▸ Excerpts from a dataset
────

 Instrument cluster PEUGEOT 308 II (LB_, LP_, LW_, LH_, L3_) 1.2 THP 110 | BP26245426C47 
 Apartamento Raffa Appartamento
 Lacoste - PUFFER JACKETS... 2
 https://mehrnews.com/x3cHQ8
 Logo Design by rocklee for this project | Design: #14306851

────

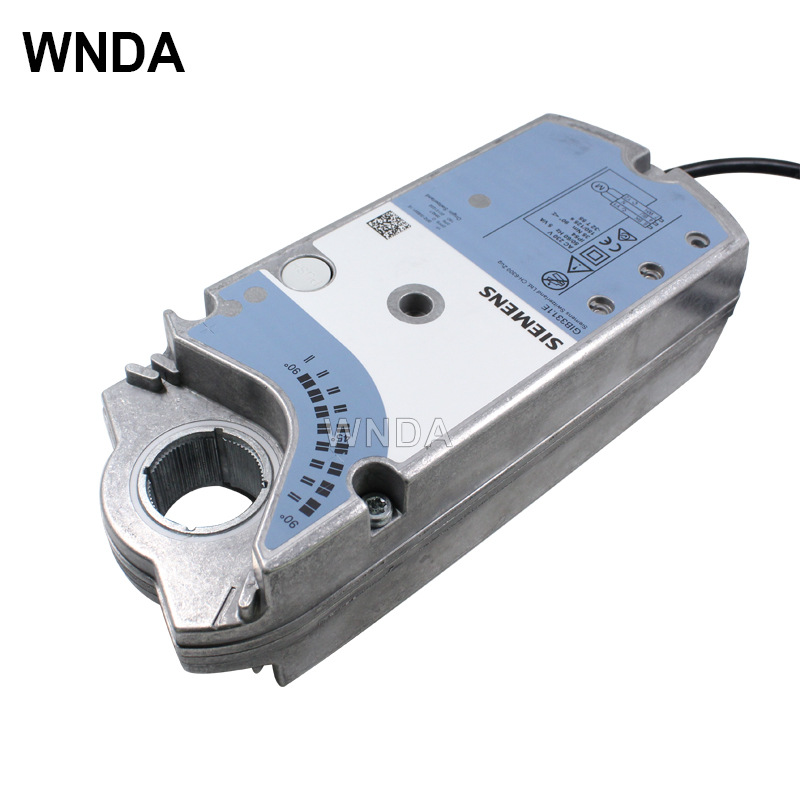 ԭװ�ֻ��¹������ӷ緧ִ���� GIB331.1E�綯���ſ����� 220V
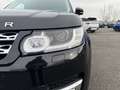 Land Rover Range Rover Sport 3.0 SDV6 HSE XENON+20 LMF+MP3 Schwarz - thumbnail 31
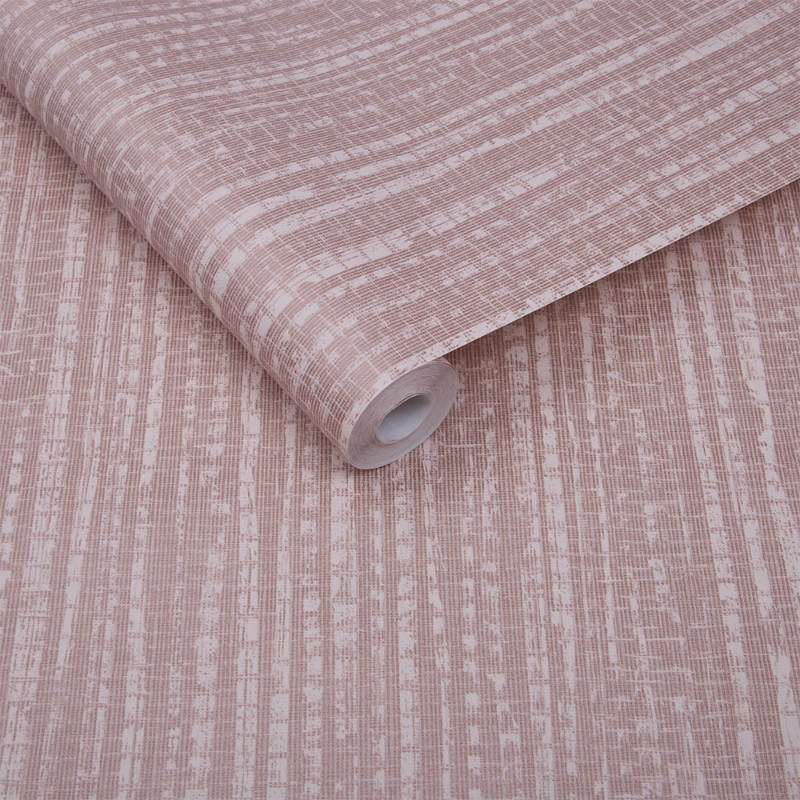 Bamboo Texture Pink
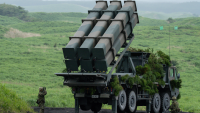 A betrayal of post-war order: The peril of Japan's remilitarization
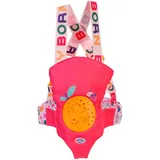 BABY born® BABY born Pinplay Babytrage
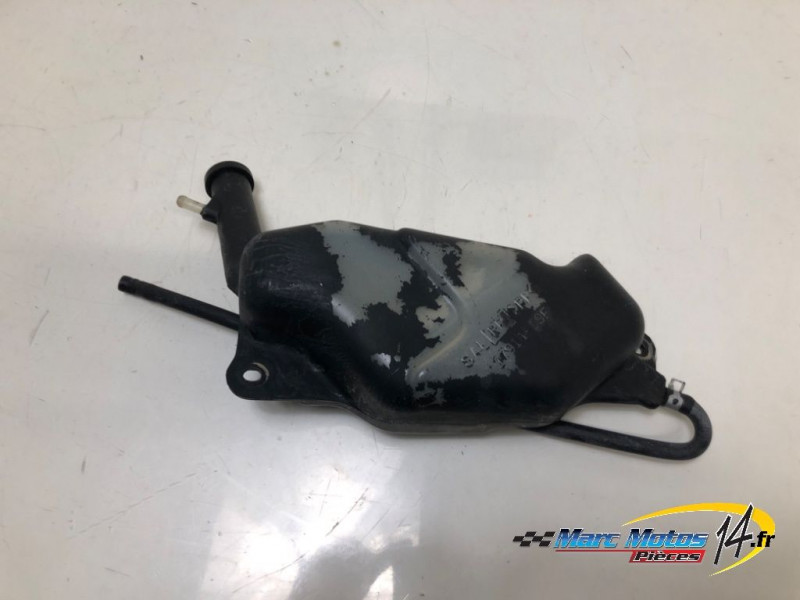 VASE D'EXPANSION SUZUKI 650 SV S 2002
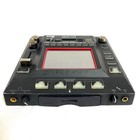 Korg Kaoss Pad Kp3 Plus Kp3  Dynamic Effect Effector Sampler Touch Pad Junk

────

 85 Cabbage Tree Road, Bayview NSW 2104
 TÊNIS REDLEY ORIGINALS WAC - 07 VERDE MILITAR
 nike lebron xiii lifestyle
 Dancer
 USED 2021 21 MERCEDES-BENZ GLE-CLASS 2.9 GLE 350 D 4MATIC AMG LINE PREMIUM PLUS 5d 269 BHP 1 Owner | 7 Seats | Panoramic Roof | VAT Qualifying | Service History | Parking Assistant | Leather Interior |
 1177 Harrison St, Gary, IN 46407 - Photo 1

────

▸ Your goal
Lines to set down from above: the line with "nike lebron xiii lifestyle", the line with "USED 2021 21", and every line between, each exactly as written.

▸ Reply
 nike lebron xiii lifestyle
 Dancer
 USED 2021 21 MERCEDES-BENZ GLE-CLASS 2.9 GLE 350 D 4MATIC AMG LINE PREMIUM PLUS 5d 269 BHP 1 Owner | 7 Seats | Panoramic Roof | VAT Qualifying | Service History | Parking Assistant | Leather Interior |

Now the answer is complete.